Créer un label c’est bien beau mais il faut bien savoir à qui on l’accorde. Pas de copinage chez Grounds. Il faudra le mériter son « LAB/EL Grounds ». C’est important pour nous. C’est important pour vous. Comment être crédible si on file cette précieuse récompense à n’importe qui ? Il en va de notre crédibilité. Cette légitimité à vous parler de nos pépites et nos découvertes lifestyle, c’est essentiel pour nous.

Mais maintenant qu’on a dit ça quels seront les critères pour obtenir ce label ? On a tourné les choses un peu différemment dans nos têtes. On en est arrivé à 3 questions relativement simples. Si la marque répond favorablement à nos 3 questions alors on lui attribue le Label. Simple. Basique.

C’EST FABRIQUÉ OÙ ?

L’industrie textile figure parmi les plus polluantes de la planète. Un facteur majeur de cette pollution ce sont les transports de marchandises. On vous laisse imaginer l’impact carbone lamentable d’un teeshirt qui traverse le monde. Une aberration.

Alors nous faisons le choix de favoriser les marques qui font fabriquer en France. Il existe des ateliers magnifiques dans tout l’hexagone. Des ateliers qui disposent d’un savoir-faire inégalé. Dans une moindre mesure, les produits fabriqués en Europe auront aussi leur place dans les jeunes marques misent en avant.

Soyons honnêtes avec vous. Si vous voulez opérer un vrai changement, ça prendra du temps et de l’argent. Il faut mettre la main au portefeuille pour consommer local dans le textile. Le savoir-faire et les ateliers français ça coûte plus cher qu’un enfant au Cambodge. Mais sur le long terme ça vaut le coup.

C’EST FABRIQUÉ COMMENT ?

Quand on se pose la question de la provenance, on doit aussi se poser la question des matières premières utilisées pour concevoir et fabriquer le vêtement. C’est l’origine de tout. Il nous paraît essentiel de promouvoir une vision de bon sens.

Nous serons intransigeants sur les matières premières utilisées. L’utilisation de matériaux bio, de matières premières recyclées comme les bouteilles plastiques ou des fils recyclés seront primordiaux pour obtenir le Label. Les marques n’ont plus d’excuses pour ne pas utiliser ces recours.

La pollution c’est aussi la surconsommation. Et pourquoi on surconsomme ? Soit on est fashion addict et c’est dommage ou alors on achète des sapes de qualité moyenne (pour ne pas dire pire) et on doit changer souvent. Aujourd’hui, il faut consommer moins. Mais pour ça, il faut consommer mieux. Des matières premières de qualité pour des vêtements plus robustes, plus durables et plus résistants.

Où et Comment… Ces deux questions sont indissociables. Un coton bio qui a traversé le monde pour atterir dans une grande surface française ? Bullshit !

C’EST BEAU ?

Le temps des compromis est terminé. En 2021, nous n’aurons plus à choisir entre l’éthique, la protection de l’environnement… et le style ! Nous n’avons plus à entendre « C’est écolo mais c’est moche ! ». Aujourd’hui, les jeunes marques font un travail formidable sur le style et le design des vêtements et accessoires.
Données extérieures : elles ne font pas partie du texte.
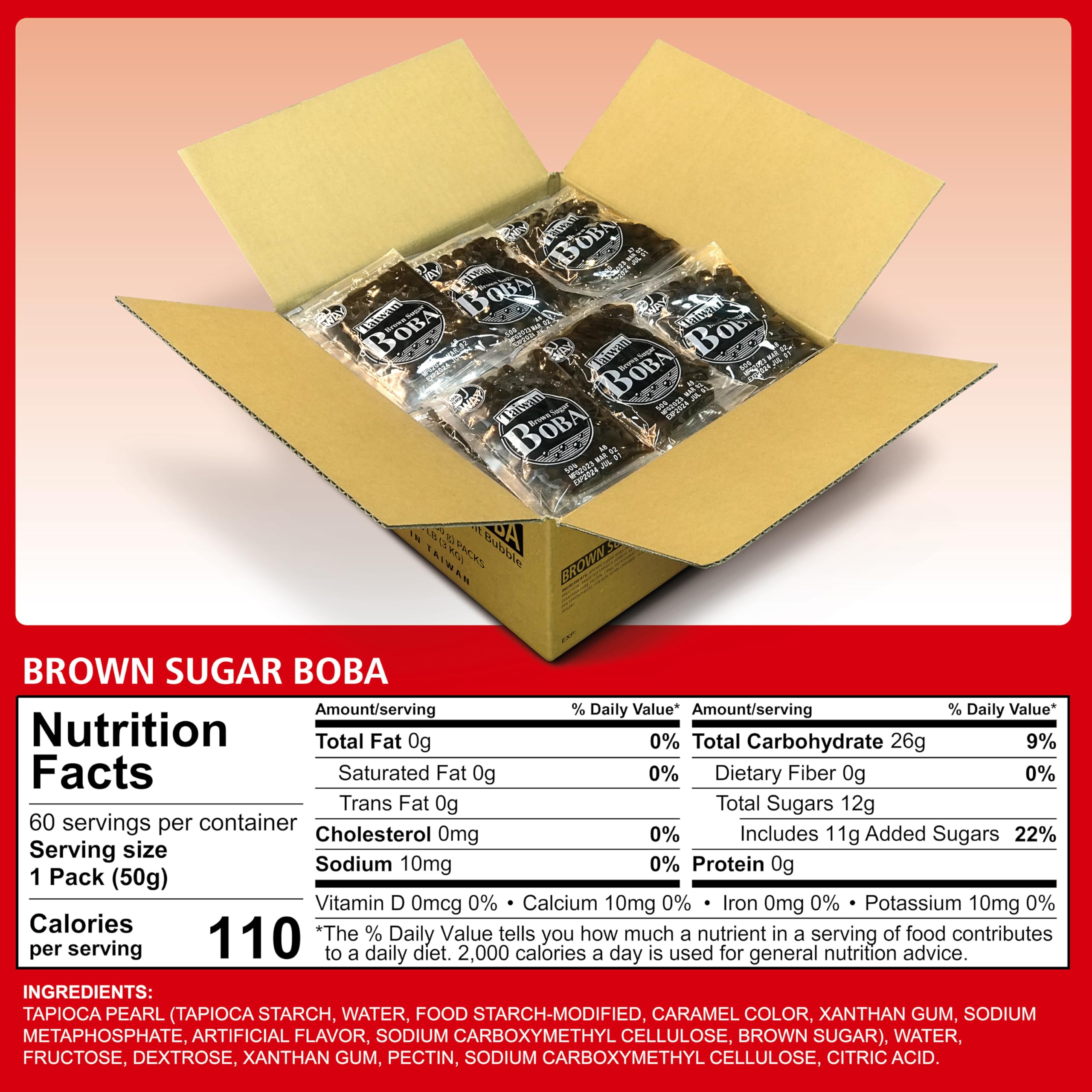 JWAY Instant Brown Sugar Boba Pearls Bulk, 60 Servings Authentic Taiwanese Tapioca Pearls for Bubble Tea, Milk Tea, Smoothies & Desserts, Ready in 20 Seconds, Gluten Free, Vegan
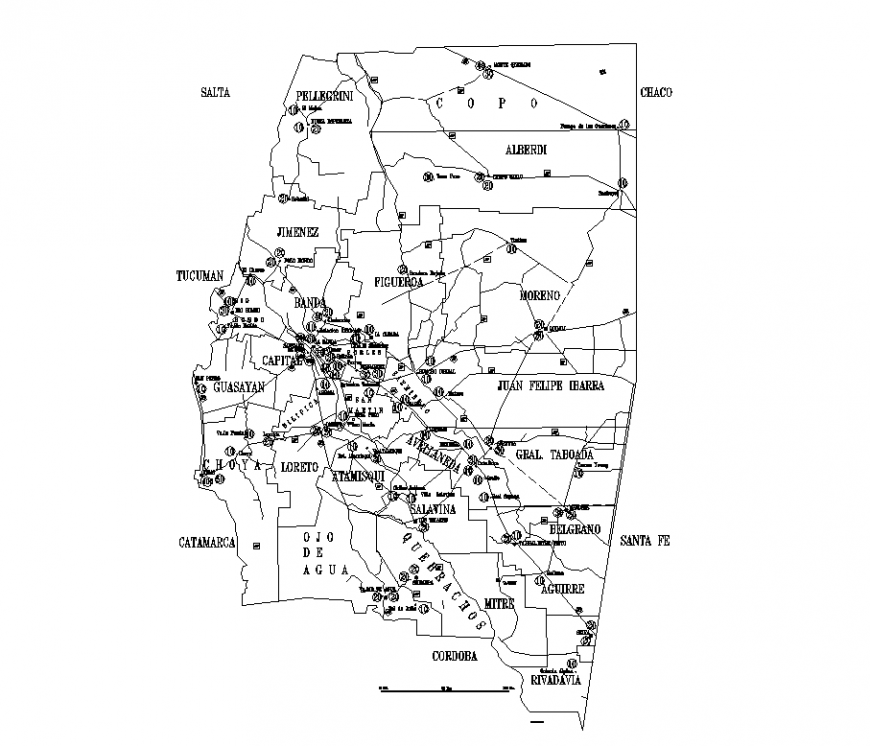 Block of residential area in map design dwg file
Sans exagérer, nous découvrons chaque semaine une nouvelle marque pleine de promesses qui se lance dans le game. Et une chose est sûre, les sapes ou les sneakers sont souvent très bien dessinées. Le niveau dans la création est monté d’un cran ces dernières années alors nos exigences aussi pour délivrer notre LAB/EL Grounds !

LAB/EL GROUNDS : LES EXCEPTIONS

Il en faut toujours. C’est parfois compliqué de laisser une marque sur le côté quand elle joue un rôle actif dans les changements que nous voulons pour demain. En écrivant ces lignes, nous pensons forcément à une marque française, VEJA.

Ils sont souvent montrés en exemple dans la lutte contre le fast fashion. Des produits éthiques, des matériaux recyclés mais aussi des produits super stylés. Mais alors pour nous il y a un hic. En effet, les sneakers VEJA sont fabriquées au Brésil. Elle traverse donc un océan pour se retrouver à nos pieds. C’est un peu gênant mais doit-on pour autant bannir cette marque de nos radars ? Absolument pas !

VEJA et d’autres marques ont déjà prouvé à maintes reprises leur engagement pour penser une industrie textile plus responsable et un monde meilleur. Alors si pour survivre, une marque doit faire fabriquer au Portugal ou en Italie, nous serons tolérants. Le lieu de fabrication sera le seul critère sur lequel nous aurons une réflexion plus « laxiste ».